Output the full listing exactly as written, with no pictures in it.
Start of Available data
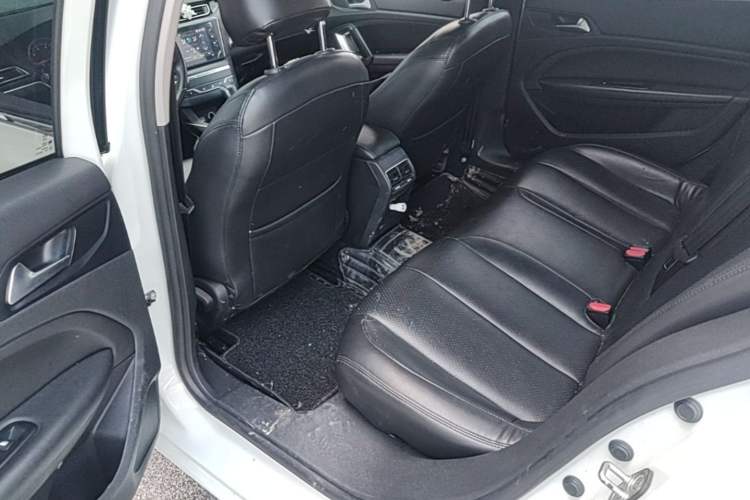 Used Peugeot 408 2018 350THP Automatic Luxury Edition Left Rear Seat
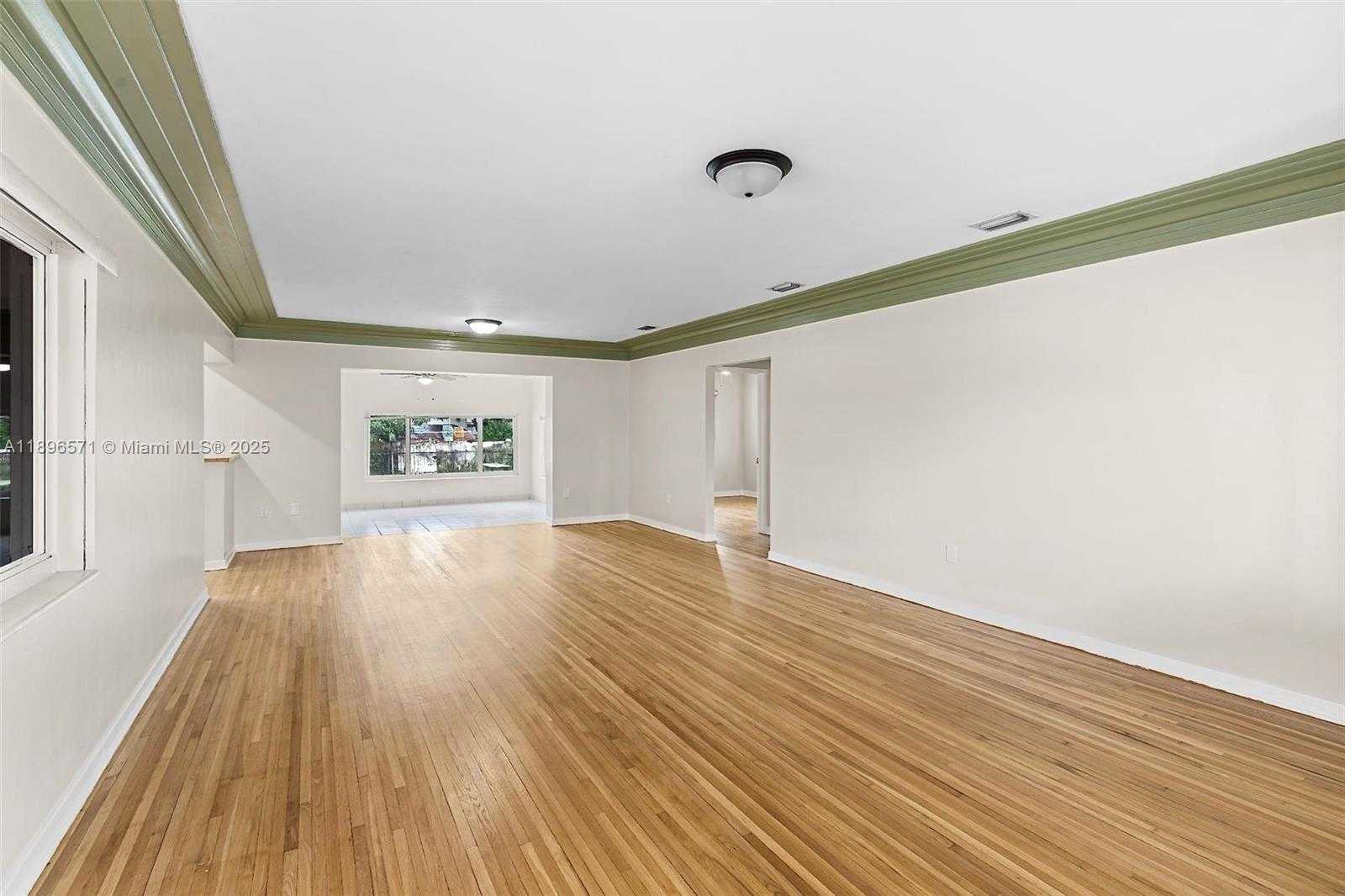 Small Image of 1221 NORTH WEST 34TH AVE #1221, Miami Number 3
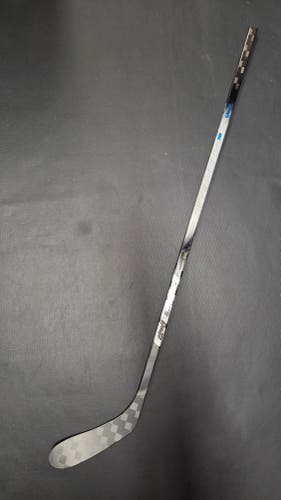 New Youth CCM Jetspeed Performance Right Handed Hockey Stick P28 30 Flex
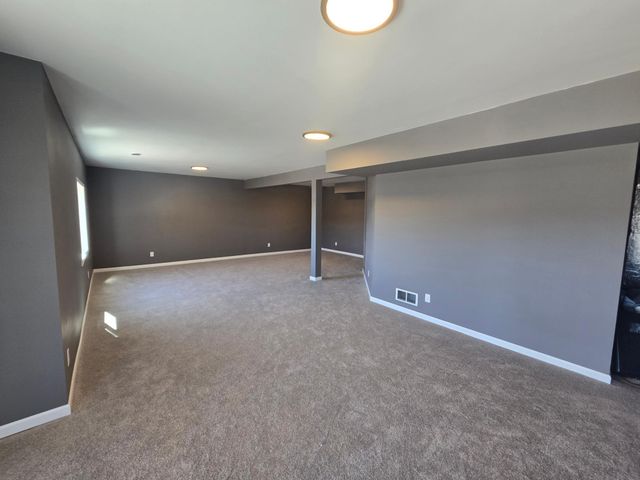502 Pond View Drive SE, Lonsdale, MN 55046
End of Available data
Reply to the task:
 Used Peugeot 408 2018 350THP Automatic Luxury Edition Left Rear Seat
 Small Image of 1221 NORTH WEST 34TH AVE #1221, Miami Number 3
 New Youth CCM Jetspeed Performance Right Handed Hockey Stick P28 30 Flex
502 Pond View Drive SE, Lonsdale, MN 55046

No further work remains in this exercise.